Я сделал все усилия, чтобы не упасть при виде трупа. Но я сильно побледнел, похолодел весь, и пот градом катился с меня. Я сделал уже движение, чтобы уйти, как человек в черном рединготе грубо схватил меня за плечо и спросил:

— Кто вы такой?

Я назвался.

— Где вы живете?

— В Тру-Фетю.

— А зачем вы сюда пришли?... Что вы тут делаете?

— Гулял по дороге, я каждый день сюда хожу... Увидел толпу людей... и хотел узнать, в чем дело. Но этот вид на меня плохо действует... Я уйду.

Резкими, движением руки он указал на труп:

— Знаете вы этого человека?

— Нет, — пробормотал я... Откуда мне его знать?... Я здесь никого но знаю... Я здесь недавно...

Человек в рединготе косо посмотрел на меня пронизывающим взглядом.

— Вы не знаете этого человека? Но когда вы увидели его, вы страшно побледнели... вы чуть не упали... Что же это все очень просто, по вашему?

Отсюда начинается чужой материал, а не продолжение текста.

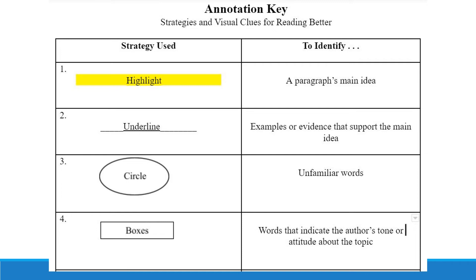The fourth annotation strategy is to put boxes around words that indicate an author's tone or attitude about a topic. Tone can be either neutral or biased — bias does not necessarily mean wrong, but it's opinionated. Students have a really hard time, especially in writing, picking up on tone. An author's tone can help reveal the purpose and the message of a text, so it's very important that students practice identifying those tone words.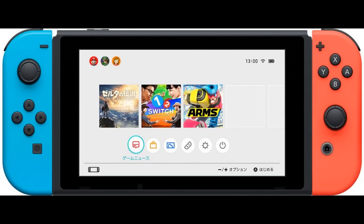Welcome to a Nintendo Switch video on the channel — make sure you're hitting that subscribe button for everything Nintendo Switch. So we got our first look at the user interface; I think this is the home menu that we're looking at right now.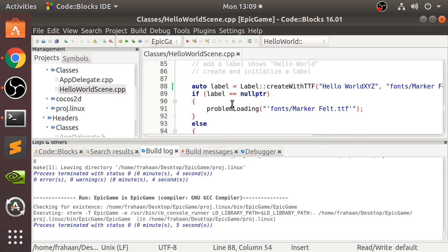That is it. That is how you set up Cocos2dx version 4 for C++, JavaScript, and Lua on Linux for Linux development. If you have any questions, feel free to pop me a message, and as usual, I look forward to seeing you in the next video.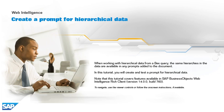Note that this tutorial covers features available in SAP BusinessObjects Web Intelligence Rich Client, version 14.0.0, build 760. To navigate, use the viewer controls or follow the on-screen instructions, if available.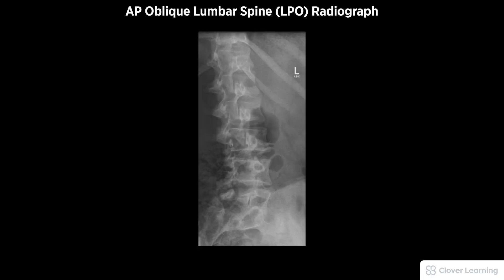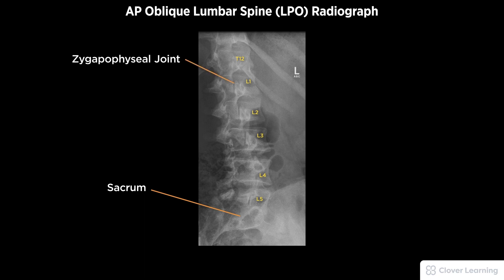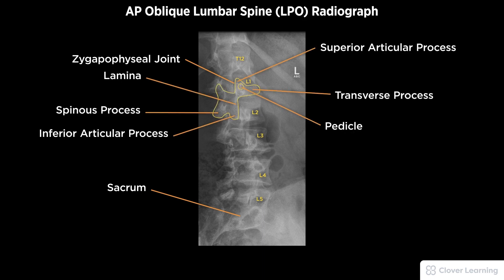A diagnostic AP lumbar spine left posterior oblique LPO view radiograph must be free of motion. Demonstrated anatomy to include T12, five lumbar vertebrae, and the sacrum, the zygapophyseal joints closest to the image receptor, the appearance of the Scotty dogs, and proper visualization of soft tissue and bony detail.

— Со мной всегда так... от меня не зависит... не переношу вида крови и мертвецов... у меня часто обмороки бывают... это физиологическое явление...

Человек в черном расхохотался.

— Ну, вот... — сказал он... — теперь за науку взялся... Так и знал... Все это старые сказки... Но дело ясно... доказательство на лицо... Арестуйте этого человека, — приказал он жандарму.

Напрасно я пытался протестовать.

— Но я честный человек, — бормотал я, — бедный человек... Я никому никогда ничего худого не сделал... Со мной всегда обмороки из-за пустяков бывают... из-за пустяков... Я невинен...

Никто меня не слушал. Человек в рединготе стал внимательно рассматривать труп, а жандарм побоями заставил меня замолчать.

Мое дело было действительно ясно. И вели его, впрочем, быстро. За два месяца предварительного следствия я не мог дать удовлетворительного объяснения, почему я так побледнел и смутился при виде трупа. Все доказательства, которые я приводил в свою защиту, казалось, противоречили прочно установленным теориям криминалистской науки. Мои объяснения давали только новый материал против меня и помогли собрать целый „ворох“ явных, очевидных, неопровержимых улик моей виновности... Мое отрицание трактовалось прессой, в особенности психологами юридической прессы, как редкий случай крайнего упрямства. Меня уличали в низости, подлости, непоследовательности и отсутствии ловкости. Меня причислили к вульгарным убийцам, не заслуживающим никакого сочувствия, и требовали моей головы.

На суде жители деревни Труа Фетю давали показания против меня. Все без исключения говорили о моих подозрительных похождениях, о моей необщительности. Мои тайные утренние прогулки находились, по их мнению, в связи с преступлением, которое я должен был совершить с такой рассчитанной, утонченной жестокостью. Почтальон утверждал, что я получал много таинственных писем, книги в странных обложках и какие-то необыкновенные пакеты. Присяжные заседатели и публика пришли в ужас, когда услышали предъявленное мне председателем обвинение в том, что у меня захвачены такие книги, как: Преступление и наказание, Преступность и умопомешательство... произведения Гонкура, Флобера, Золя, Толстого. Но все это, в сущности, были побочные, незначительные обстоятельства в сравнении с этой крупной, прямой уликой против меня — моей бледностью.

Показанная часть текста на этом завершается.